Andria enrolled at Harcum College. Philadelphia boasts two programs for vet techs, but only Harcum works with the Ryan Veterinary Hospital and New Bolton Center (University of Pennsylvania’s small and large animal facilities, respectively). Harcum’s vet tech students receive six months of hands-on teaching and experience alongside Penn’s vet students.

With the opportunities and connections available with one of the top veterinary schools, the decision was easy for her to make.

New Bolton Center: Large Animal Medicine
Andria ended up trudging through snow up to the knee and shivering in subzero temperatures during her winter semester, but she wasn’t disappointed with her choice. New Bolton provided a thorough grounding in large animal medicine. A horse-lover as a child, the experience renewed those old emotions.

And a few memories stood out and remained to this day:

  • Standing alongside a Clydesdale and feeling TINY
  • Holding the reins of a horse galloping at top speed on a treadmill
  • Nursing tiny foals through the first days of their life

Ryan Veterinary Hospital: Small Animal Medicine
Veterinary students can legally work at a practice while studying. Andria took advantage of the opportunity, gaining “real life” experience while attending class. It provided a slight advantage when she entered her three months at the small animal hospital.

However, as Ryan Veterinary Hospital offers treatments unique to the veterinary community, she continued to gain valuable experience. For instance, she spent a day working alongside their Chemo Team. The positivity of everyone she encountered – staff, clients, and patients alike – left a lasting impression.

Additional standout moments included:

  • An afternoon spent with the head of the feline kidney transplant program
  • A day serving as the anesthesia technician in their new radiation unit
  • Recognizing a radiograph of a giant elephant shrew (applying her previous zoo knowledge)

Emergency/ICU Veterinary Technician
Accompanying her Associate of Science in Veterinary Technology, Andria received a passing score on the Veterinary Technician National Exam (VTNE). The two led to her certification/license as a veterinary technician – first in Pennsylvania (CVT) and later in Virginia (LVT).

Emergency medicine appealed to her from the beginning. The flux of ailments, injuries, and even species kept her mind sharp at all times. The knowledge required to handle cats, dogs, exotics, and even wildlife is highest in an ICU setting. When a vet tech never knows the patient’s stability coming back to the treatment area, skills and the ability to respond in an instant always stay in peak shape.
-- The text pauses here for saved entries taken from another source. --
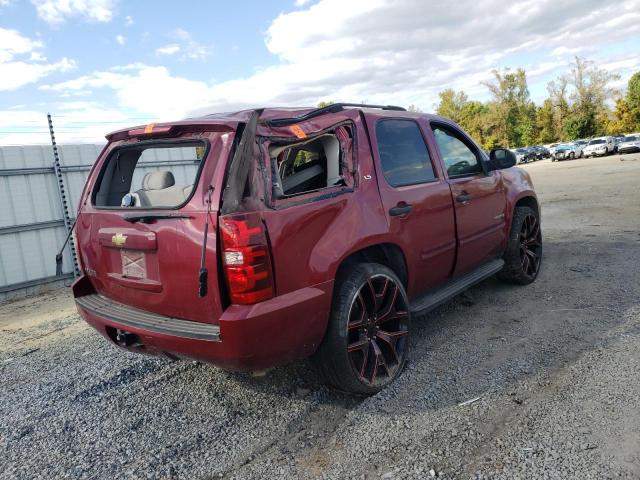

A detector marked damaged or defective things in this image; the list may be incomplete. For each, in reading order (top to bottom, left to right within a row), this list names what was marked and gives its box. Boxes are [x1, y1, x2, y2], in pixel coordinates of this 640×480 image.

damaged burgundy suv [71, 103, 540, 392] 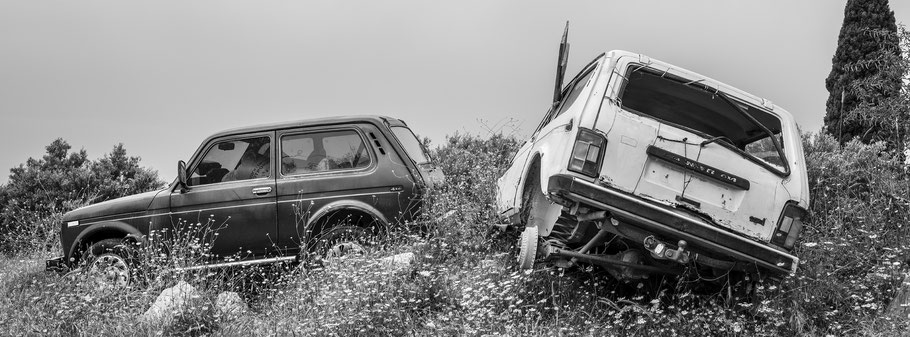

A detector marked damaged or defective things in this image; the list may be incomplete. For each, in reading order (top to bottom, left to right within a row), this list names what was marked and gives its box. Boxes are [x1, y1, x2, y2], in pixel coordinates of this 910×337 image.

dark abandoned suv [48, 114, 444, 282]
white wrecked suv [498, 29, 812, 284]
rusted bumper [548, 173, 800, 276]
broken window [620, 64, 792, 172]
With treatments evolving at a constant basis, Andria sought out the best Continuing Education opportunities. She attended the International Veterinary Emergency and Critical Care Society (IVECCS) Conference whenever possible. This allowed her to discuss the latest wound treatments, medications, and advancements in diet formulations.
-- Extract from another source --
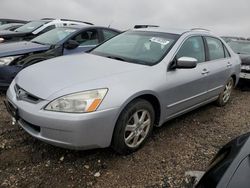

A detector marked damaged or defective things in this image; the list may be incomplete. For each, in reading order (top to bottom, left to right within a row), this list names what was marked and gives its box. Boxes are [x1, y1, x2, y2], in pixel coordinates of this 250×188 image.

damaged vehicle [0, 25, 120, 89]
damaged vehicle [5, 27, 240, 153]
Cardiology Veterinary Technician
With the increased knowledge and experience, Andria noticed gaps in her abilities. Her grasp of cardiology remained at the basic level. She wanted to boost her skills and understanding as much as possible, improving her patient care. When an opportunity within the practice arose to move into the cardiology department, she accepted.
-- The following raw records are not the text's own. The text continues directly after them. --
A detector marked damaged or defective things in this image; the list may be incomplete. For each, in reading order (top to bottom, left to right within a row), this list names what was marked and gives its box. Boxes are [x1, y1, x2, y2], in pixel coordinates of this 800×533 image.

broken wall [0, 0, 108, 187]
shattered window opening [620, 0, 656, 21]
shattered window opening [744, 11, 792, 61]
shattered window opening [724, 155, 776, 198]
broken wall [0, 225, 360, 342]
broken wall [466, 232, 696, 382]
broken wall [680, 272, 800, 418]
She sharpened her ability to read ECGs, recognizing arrhythmias of every type. Speaking with the cardiologist, she learned to read echocardiograms, picking out the most common disease processes. And, courtesy of her position in the department, she took in everything she could regarding the grain-free diet concern.

And throughout her ten-year career, she built her store of client interactions. She learned stories of heartbreak and hope. In the middle of the night, she shared touching and humorous conversations. Every moment taught her to engage with people. And the skill blended into her writing ability, capturing the interest of pet-lovers everywhere.